- Hangul: 천명공주
- Hanja: 天明公主
- RR: Cheonmyeong gongju
- MR: Ch'ŏnmyŏng kongju

= Princess Cheonmyeong of Silla =

Korean princess

Princess Cheonmyeong () was a princess of Silla, one of the Three Kingdoms of Korea. She is known as Queen Seondeok's sister and King Taejong Muyeol's mother.

Princess Cheonmyeong was married to Kim Yongsu (son of King Jinji), with whom she had a son, Kim Chunchu. After Kim Chunchu was enthroned as a King of Silla, she was then given the posthumous name; Queen Dowager Munjeong.

== Biography ==
Princess Cheonmyeong was a daughter of King Jinpyeong and Queen Maya of Silla. Her sister, Queen Seondeok became the first female ruler of Korea. It is not clear which of them was older. According to the disputed text Hwarang Segi, Cheonmyeong was older than Seondeok.

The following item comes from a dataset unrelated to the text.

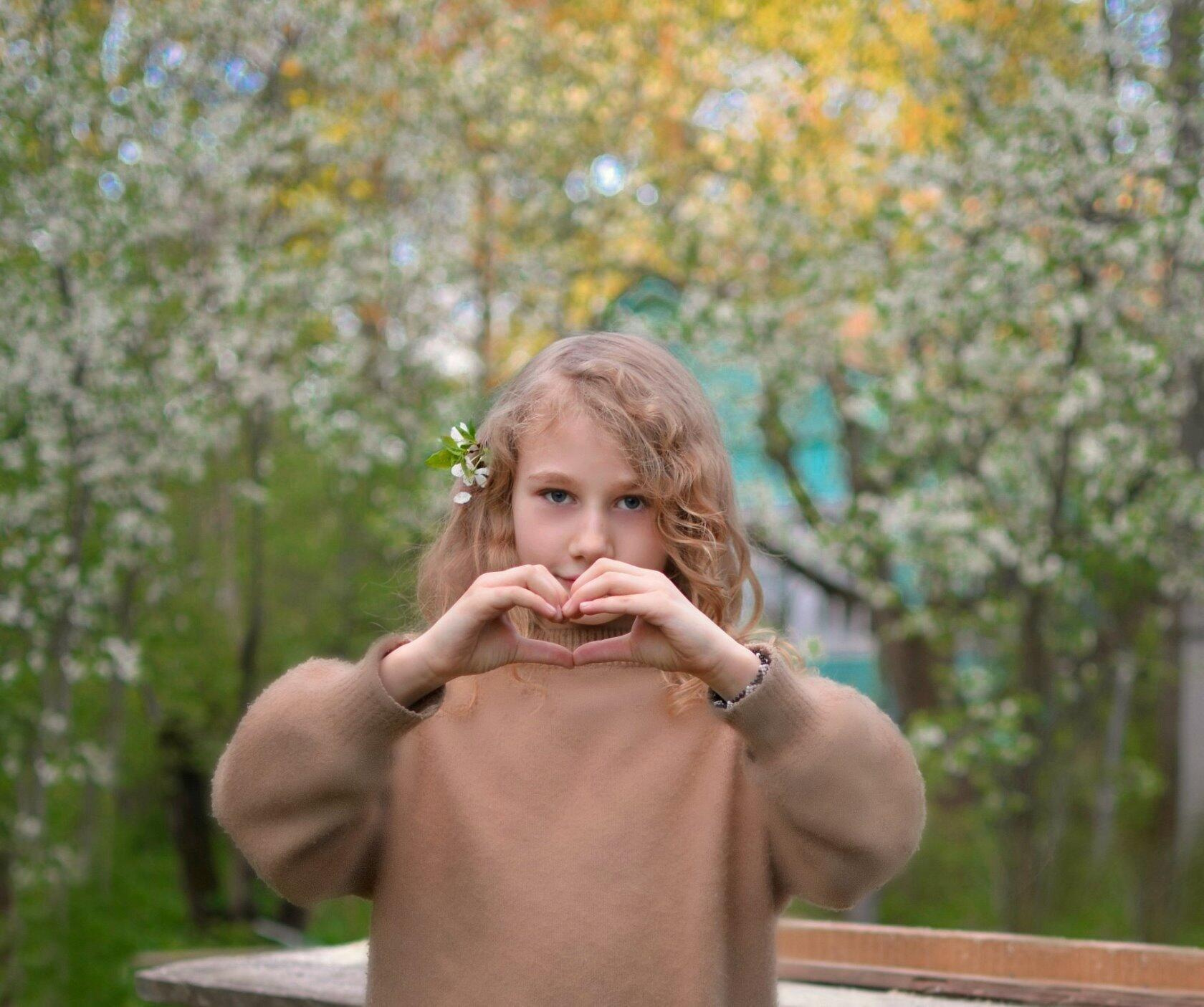 Семейный фотограф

It is said that Princess Cheonmyeong was in love with Kim Yongchu. When the talk of her marriage has come, Princess Cheonmyeong went to the Queen and told her (with tears on her eyes) that she cannot marry anyone else because there is already a man who owns her heart. Queen Maya asked her who that man is, Princess Cheonmyeong tried to say "Kim Yongchun" but because she was crying and stuttered on her reply, the Queen thought that she was talking about Kim Yongchu's brother "Kim Yongsu". Kim Yongsu was aware of Princess Cheonmyeong's feelings for his brother and decided to ask him to marry Princess Cheonmyeong on his stead. But Kim Yongchun refused out of respect for his brother who might end up a laughing stock since their wedding was already announced. The Queen tried to convinced him as well but he refused her as well with the same reason. And so, Princess Cheonmyeong and Kim Yongsu got married. But Princess Cheonmyeong wasn't able to forget her love even after years has passed.
On his death bed, Kim Yongsu asked his brother once again to marry Princess Cheonmyeong and to take his son as his own as his dying wish. Kim Yongchun finally agreed and married Princess Cheonmyeong and took Kim Chunchu as his own. But this story is not mentioned in the historical texts Samguk sagi and Samguk yusa. This story is only mentioned in the disputed text Hwarang Segi.

After Kim Chunchu was crowned as the 29th king of Silla, Princess Cheonmyeong was named as Queen Dowager Munjeong.

== Family ==

- Father: King Jinpyeong (眞平王 진평왕 567–632)
- Mother: Kim Bokhilgu, the Lady Maya (金福肹口 摩耶夫人 김복힐구마야부인, dates unknown)

=== Siblings ===

- Princess Deokman, (later known as Queen Seondeok) (善德女王 선덕여왕, ? – 647) – it is debated whether Princess Cheonmyeong or Queen Seondeok was the elder sister
- Younger sister: Princess Seonhwa, 善花公主, 선화공주

=== In-laws ===

- Father in-law: 25th King of Silla, King Jinji (眞智王, 진지왕, ? – 579)
- Mother in-law: Lady Jido of the Park clan (知道夫人 朴氏, 지도부인 박씨, dates unknown)

=== Husband ===

- Kim Yongsu 金龍春 or金龍樹, 김용춘 or 김용수, 578~647. Late when Kim Chunchu became King Muyeol, he was known as Munheung the Great (文興大王, 문흥대왕)
- Kim Yongchun, brother of Kim Yongsu; 13th Pungwolju of Silla.

=== Son ===
- Kim Chunchu, later known as King Muyeol, 金春秋 김춘추, 604-661

== In popular culture ==
- Portrayed by Lee Kyung-hwa in the 2005–2006 SBS TV series Ballad of Seodong.
- Portrayed by Park Ye-jin, Shin Se-kyung and Kim You-jung in the 2009 MBC TV series Queen Seondeok.
- Portrayed by Jo Kyung-sook in the 2012–2013 KBS TV series Dream of the Emperor.